Lack of commercial intention defence

Under the new provisions, the marketable quantity and the new tier offences are subject to a defence of ‘lack of commercial intention’. This requires the accused to prove on the balance of probabilities that he or she neither intended to sell any of the drugs, nor believed that another person intended to sell any of the drugs. However, where this defence is raised, and accepted by a jury, Division 307 of the Criminal Code makes provision for an alternative verdict and the accused may be convicted of an offence with a two year penalty or 400 penalty units, or both.

Sections 307.5 to 307.10 provide for offences relating to the possession of border controlled drugs that have been unlawfully imported or are reasonably suspected of having been unlawfully imported.

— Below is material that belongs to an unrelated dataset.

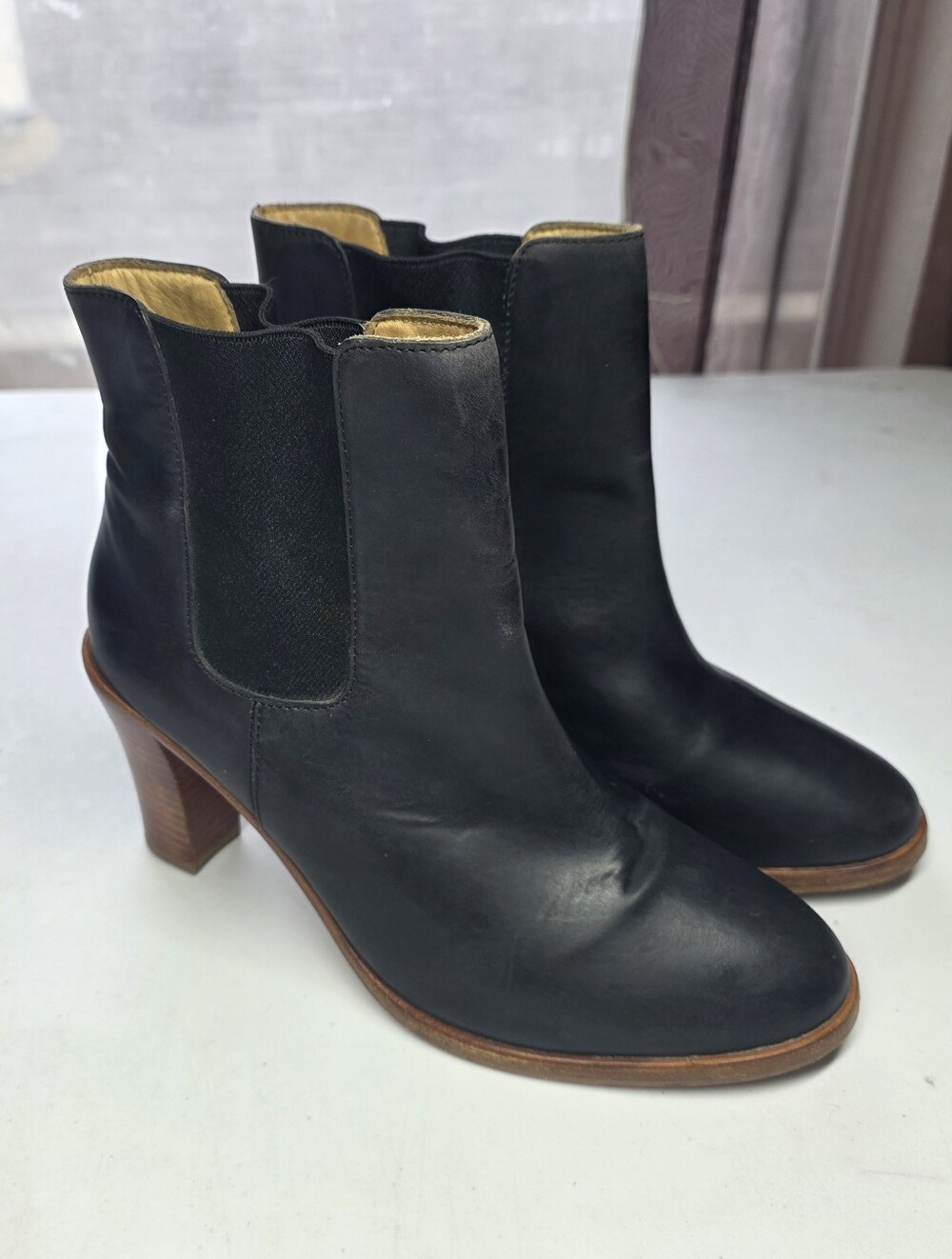 A.P.C. Paris Black leather Chelsea boots Pull On Stacked Heel Booties 40 9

These offences carry a defence of lack of commercial intention. The defence has two limbs. First, even if the accused intended to manufacture a controlled drug, it is a defence if the accused proves that he or she did not intend to sell any of the drug so manufactured and did not believe that another person intended to sell any of it. Secondly, even if the accused believes that another person intended to manufacture a controlled drug, it is a defence if the accused proves that he or she did not intend to sell any of the precursor to that person.

If the accused follows the lack of commercial intention defence, they may still be liable to be convicted of an offence of possessing a precursor with an intention to manufacture a controlled drug, which carries a penalty of imprisonment for two years or 400 penalty units, or both.